Quale termine preferisci per definire il vostro polo di attenzione: periferia, provincia o campagna?

Si tratta di tre limiti diversi, con vari gradi di contaminazione. È una questione di pesi e di capacità attrattiva. Dire “periferia” porta con sé l’idea riduttiva di trovarsi ai margini della città. “Provincia” invece è già qualcosa fuori dalla sfera di attrazione della città, che ha quindi una propria autonomia e nel tempo stesso ha una maggiore prossimità con la campagna. Oggi i cittadini hanno perso il contatto con la natura, i cicli naturali e gli aspetti ecologicamente più vitali. Il Festival Ultima Luna d’Estate ha questa triplice componente: è un festival di teatro popolare, tra provincia e campagna, ma molto vicino alla città. Si svolge in un raggio di chilometri abbastanza limitato e presenta questa stratificazione, per noi molto interessante e stimolante. Il nostro Festival attrae anche gli abitanti di città, per condurli “fuori dalle mura”, e li fa dialogare con il pubblico di provincia, in situazioni che hanno una valenza anche naturale, perché il tutto si svolge in collina, fra campi e vigneti.

hp-gen

Hai usato la parola “teatro popolare”, un termine pregnante nella vostra proposta.

Recentemente la situazione economica e politica ha generato i populismi, ma il concetto di “popolo” è molto vasto e ambiguo. Ritengo che, come artisti di teatro, siamo costretti a investigarlo, anche per la sua attualità. Noi però con il Festival L’ultima Luna d’Estate lo facciamo già da ventun anni! Abbiamo coltivato il rapporto con il pubblico di provincia: ciò significa anzitutto proporre spettacoli popolari, cioè fruibili a tutti. Ma anche scegliere forme familiari e attrattive: in provincia e in campagna ci sono ancora  tradizioni a cui appigliarsi e irrinunciabili – penso alla narrazione, l’affabulazione, la Commedia dell’Arte e Dario Fo. Tutto questo è da sempre l’ossatura della nostra proposta artistica. A questo si unisce la voglia di coniugare anche altre forme, come dice il nostro sottotitolo “teatro popolare di ricerca”. Sembra un ossimoro ma sintetizza bene il nostro approccio: far sì che la ricerca non sia uno strumento di esclusione per un pubblico etichettato, magari ingiustamente, come meno colto o meno smaliziato.

IMG_4758-212x320
Luca Radaelli [© Teatro Invito]

Vuoi darci qualche anticipazione sulle due produzioni in cui sei protagonista?

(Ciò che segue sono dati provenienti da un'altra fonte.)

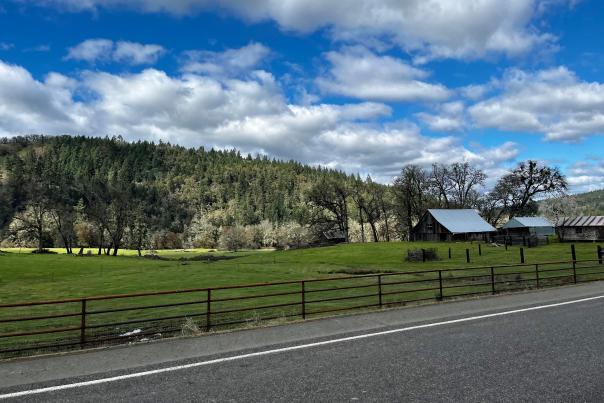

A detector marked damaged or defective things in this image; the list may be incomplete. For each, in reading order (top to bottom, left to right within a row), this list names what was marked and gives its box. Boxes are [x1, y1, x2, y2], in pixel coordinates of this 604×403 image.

rusty metal fence [1, 258, 604, 360]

Gin&Comic (La Valletta Brianza, giovedì 6 settembre) è un divertissement letterario su questa bevanda che è stata molto in voga dagli anni Venti fino ai Sessanta e oggi ha un ritorno di fiamma. Spiegheremo la storia del gin, come nasce e il suo uso letterario presso scrittori soprattutto anglosassoni (ad esempio Scott Fitzgerald, Fleming, ma c’è anche Buñuel, di cui leggeremo una ricetta molto divertente). Quale migliore location del parco di Montevecchia, dove si produce un gin autoctono?

Dal capolavoro di Melville, per la regia di Renato Sarti, Bartleby sarà un’anteprima (domenica 9 settembre): il debutto ufficiale sarà poi a Milano, Teatro della Cooperativa, in novembre. Il racconto è tutto concentrato in un ambiente chiuso, ma nel finale, quando il protagonista viene incarcerato, c’è l’irrompere dell’elemento naturale: il cortile della prigione è ricoperto di erba. Lo spettacolo si svolgerà a Casatenovo, nella corte della Cascina Rancate, dove si vedono mura ed erba, ecco dunque l’aggancio tra letteratura e spazio. Il giovanissimo Gabriele Vollaro ha la parte di Bartleby e pronuncia la sua battuta mitica; io invece interpreto diverse voci: prima di tutto l’avvocato, colui che racconta l’intera vicenda, poi  i tre impiegati del suo ufficio e alcune comparse. Alcuni elementi sono ancora da definire, ma mi piace molto che l’anteprima sia rivolta al pubblico del nostro Festival.